A telling instance of this bias is the assertion by the Sri Lanka Monitoring Mission’s head Ulf Henricsson defending the government’s refusal to disarm Tamil paramilitaries as agreed at the February 2006 Geneva ‘talks.’ The Mission admits paramilitaries function in areas controlled by the Sri Lankan state. But it enthusiastically accepts the government’s disclaimers of collusion with paramilitaries and asserts there is no conclusive evidence of such collusion. The implication is obvious: the Mission absolves government for reneging on its commitment in Geneva. Henricsson in fact is explicit. He suavely explained: “I think they (security forces) will have a lot of problems, if they do it (disarm paramilitaries). Further I don’t see any reason for the government to do it. To be honest, if you have a warring faction against you and if your enemy is split, why should you try to stop that.

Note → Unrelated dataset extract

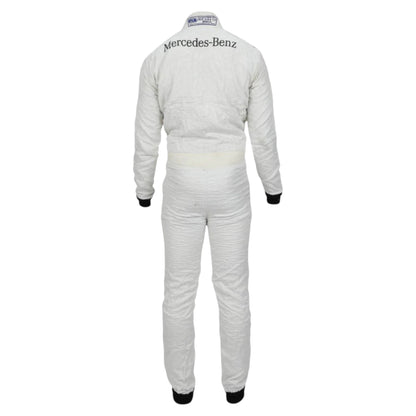 Jenson Button 2014 McLaren F1 race suit in white with fluorescent orange-red sponsor detailing and McLaren Mercedes branding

Have you read Machiavelli?” (Sunday Observer, 7/may/06).

Clearly the Mission and the co-chairs expect and encourage the government to use the paramilitaries to weaken the LTTE-led Tamil National Movement. So it is no surprise that they have not called President Mahinda Rajapakse’s bluff, that he is striving to formulate a ‘devolution’ proposal through his All Party Conference (APC). The co-chairs must surely know the Constitution massively centralises power in the executive president and explicitly forbids devolution; at best it allows only meagre decentralisation of authority. This has been a well-know fact from 1978, when the Constitution was introduced. The group of constitutional experts Rajapakse appointed ostensibly to explore avenues to ‘devolve’ power are of course fully aware of the legal barriers; and he and the majority Sinhala experts have no intention whatsoever of amending the Constitution to dilute the centralised presidential powers. The co-chairs surely know this too.

So Rajapakse is not staging the APC circus to deceive the co-chairs and by extension the international community. On the contrary, they are all colluding to hoodwink Tamils with a so-called political alternative the APC and Experts Group are expected to dredge up.

A political alternative, however illusory it may be, is the lynchpin in the co-chairs’ ‘counterinsurgency’ strategy that pivots on weakening the Tamil Tigers. The twin tactics are to convince the Tamil people that there is a political alternative to the Tamil Tigers’ military agenda and to persuade expatriate Tamils that support for the LTTE-led armed resistance is counterproductive. In this context the apparently pro-Tamil interventions by Boucher, the co-chairs and Norway must be interpreted at best as feeble damage limitation exercises and crafted to salvage their plummeting credibility and to neutralise the rapidly intensifying support for the LTTE among Tamils.

Of course the co-chairs’ jugglery of ‘peace process,’ ‘homeland,’ ‘dramatic political changes,’ and so on do not distract Tamils from the central reality. And that reality is the following:

(a) the current unitary Constitution forbids a federal alternative and any devolution of power;

(b) the Sinhala leadership inside and outside the government is committed to defending the unitary state while mouthing dishonest slogans about devolution;

(c) LTTE’s engagement with the ‘peace process’ has conclusively shown Tamils that the Sinhala leadership is incapable of constructing a viable, federal alternative;

(d) the third parties seek to cover up this grotesque fact; and

(e) when the Sinhala president, Rajapakse, makes deceptive claims about ushering “maximum devolution” within a unitary state he, like his predecessors, intends to preclude power sharing with Tamils in the Centre.

In short, decentralisation of authority under a unitary state will create a Tamil Bantustan in the North-East Province. Is that the intention of the third parties too?